All lines below starting at the one that holds "Апартаменты Maria'S House" and ending at the one that holds "thinking about how if she was white, the" should be printed exactly, ends included. Pictures should not be printed, nor anything else.

***

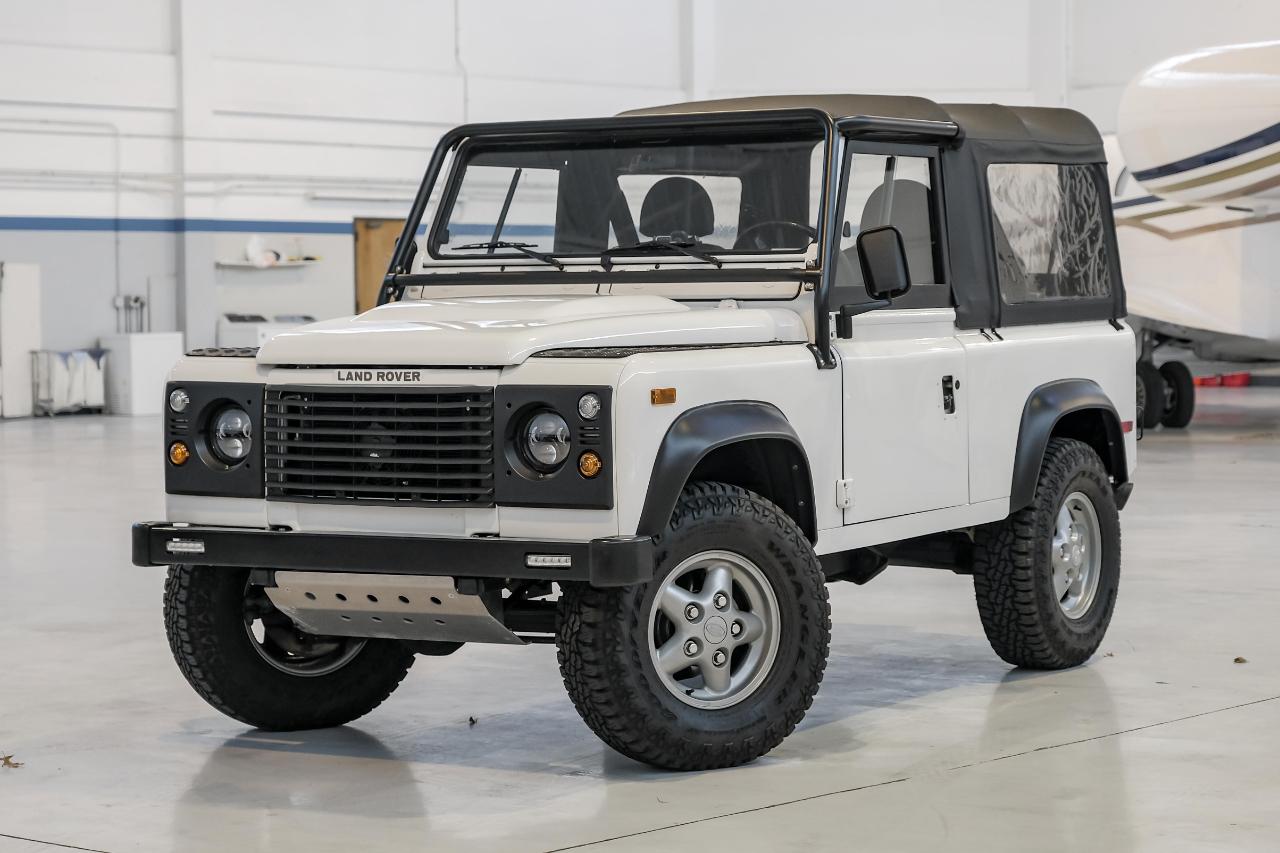 Land Rover Defender photo 7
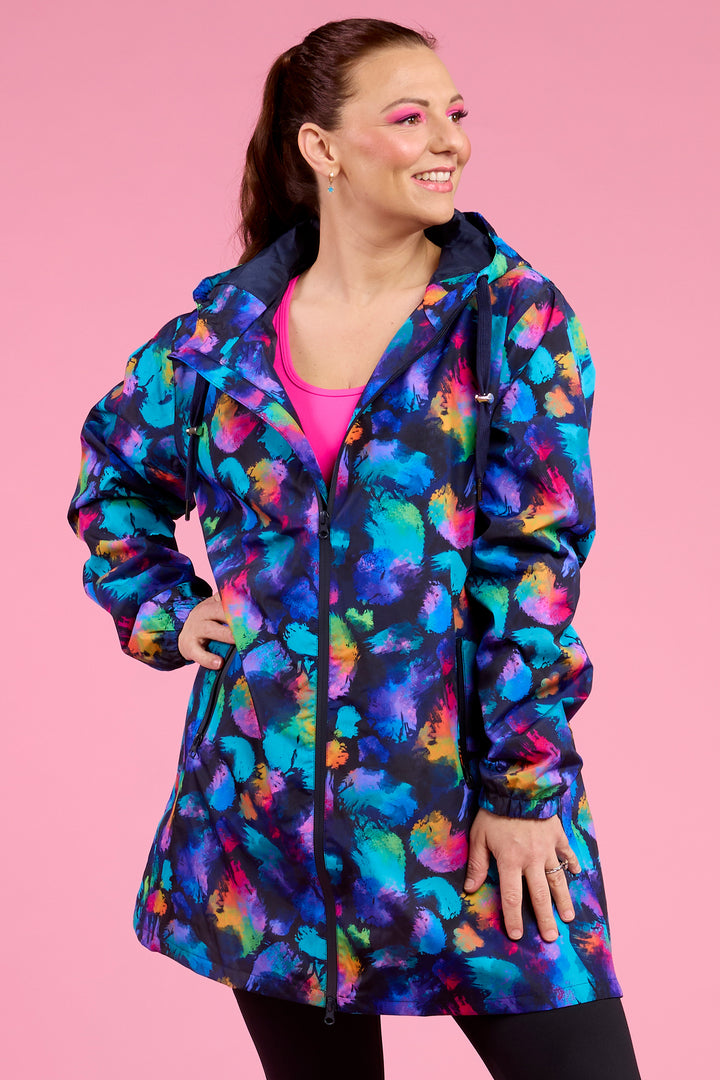 Wilderly LLR-RSP Navy Rainbow Splatter Longline Raincoat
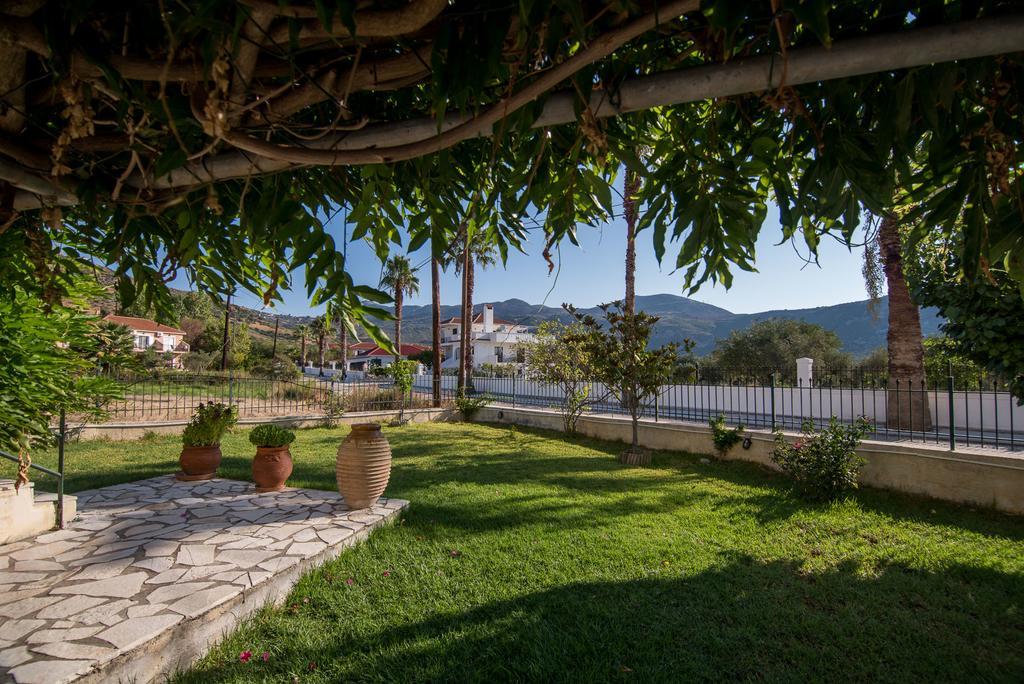 Апартаменты Maria'S House Кателиос Экстерьер фото
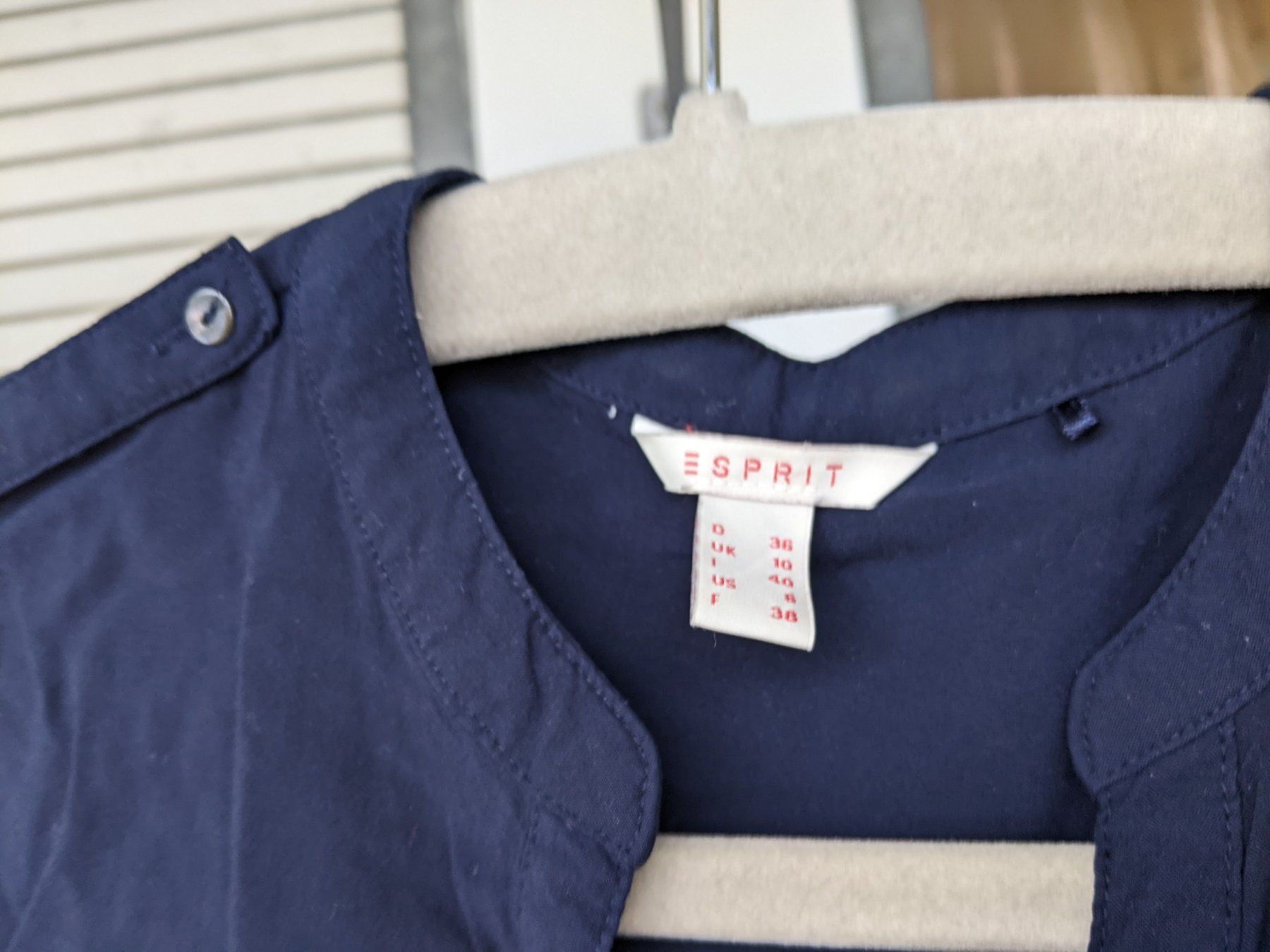 Esprit Camicette: Viskose bluse – Usato da Herrliberg venduto da Aprelic 2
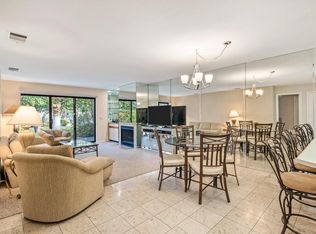 200 Lakecrest Ln, Palm Desert, CA 92260
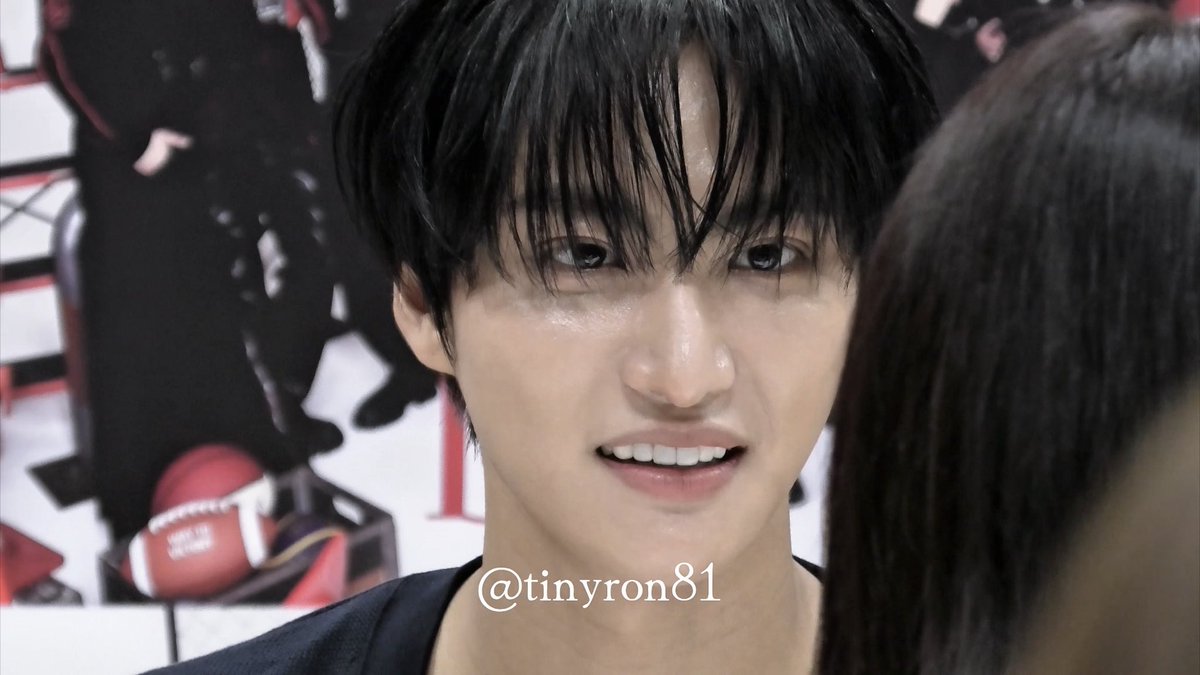 tinyron81's tweet photo. パクソンファ 顔面

#SEONGHWA #성화
#ATEEZ #에이티즈 https://t.co/D0cSNsrZjU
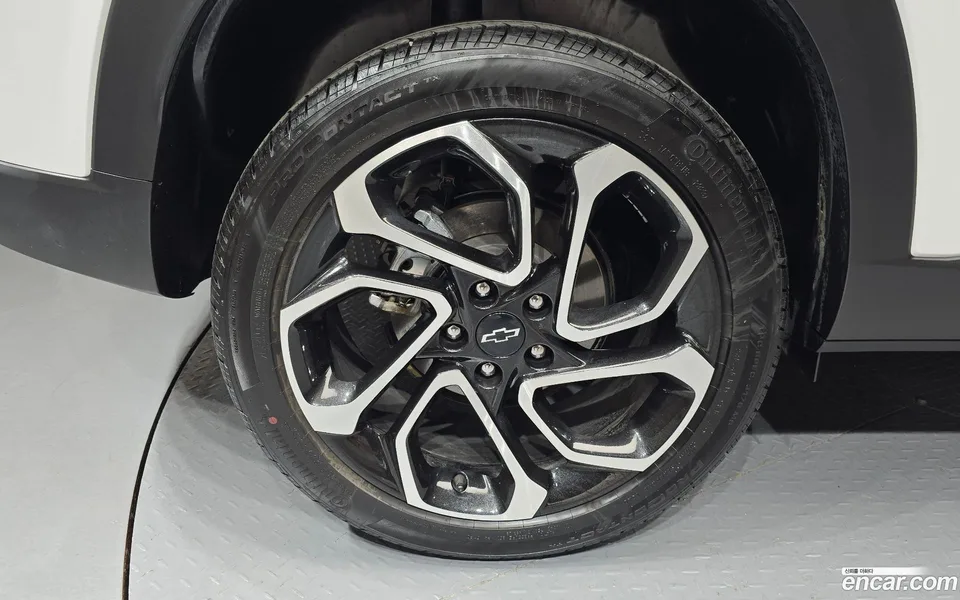 Chevrolet Trax Crossover 1.2 RS 2023 — миниатюра 2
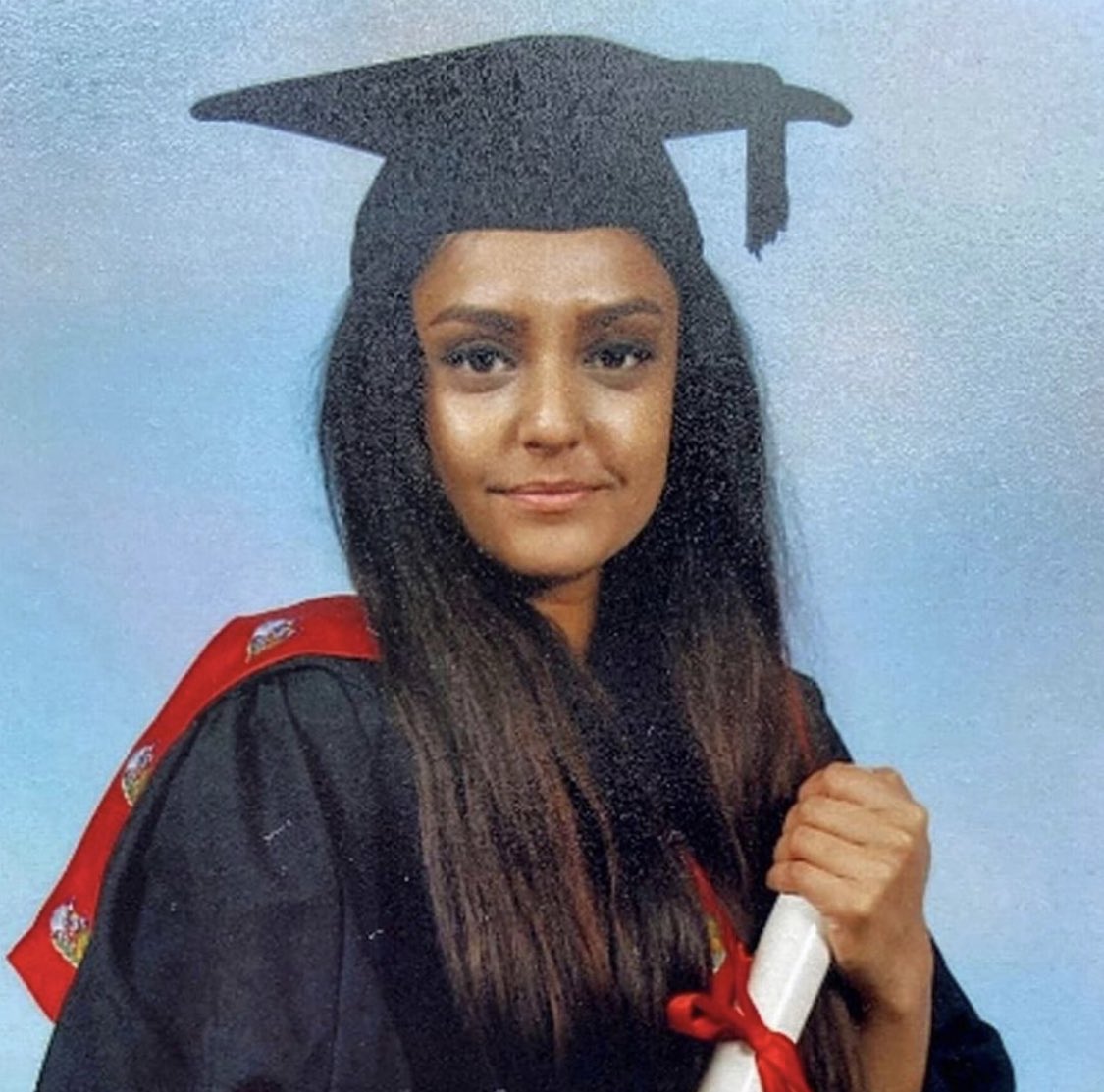 hummusexualJR's tweet photo. thinking about her today. 
thinking about how if she was white, the social shares and articles would be written in the thousands, dominating the news. 
thinking about how if she was black, if we would have even heard about her story in the first place? (1/5) https://t.co/ab5V10muSS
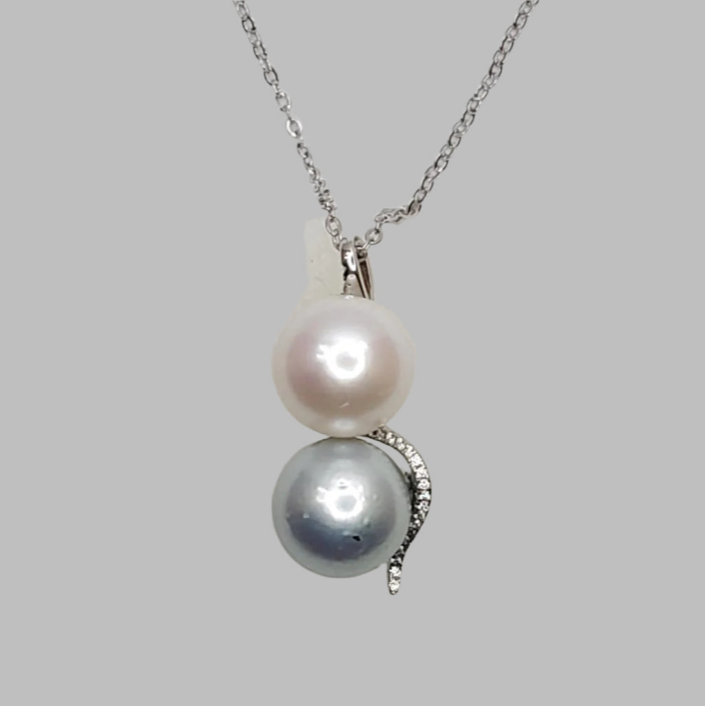 Twist of Fate Necklace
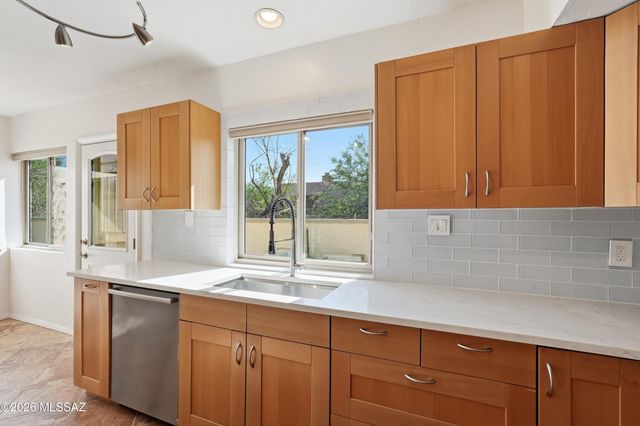 2562 N Avenida San Valle, Tucson, AZ 85715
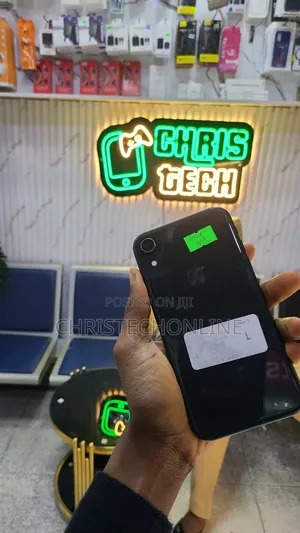 Apple iPhone XR 64 GB Black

***

→ **Your response**
 Апартаменты Maria'S House Кателиос Экстерьер фото
 Esprit Camicette: Viskose bluse – Usato da Herrliberg venduto da Aprelic 2
 200 Lakecrest Ln, Palm Desert, CA 92260
 tinyron81's tweet photo. パクソンファ 顔面

#SEONGHWA #성화
#ATEEZ #에이티즈 https://t.co/D0cSNsrZjU
 Chevrolet Trax Crossover 1.2 RS 2023 — миниатюра 2
 hummusexualJR's tweet photo. thinking about her today. 
thinking about how if she was white, the social shares and articles would be written in the thousands, dominating the news. 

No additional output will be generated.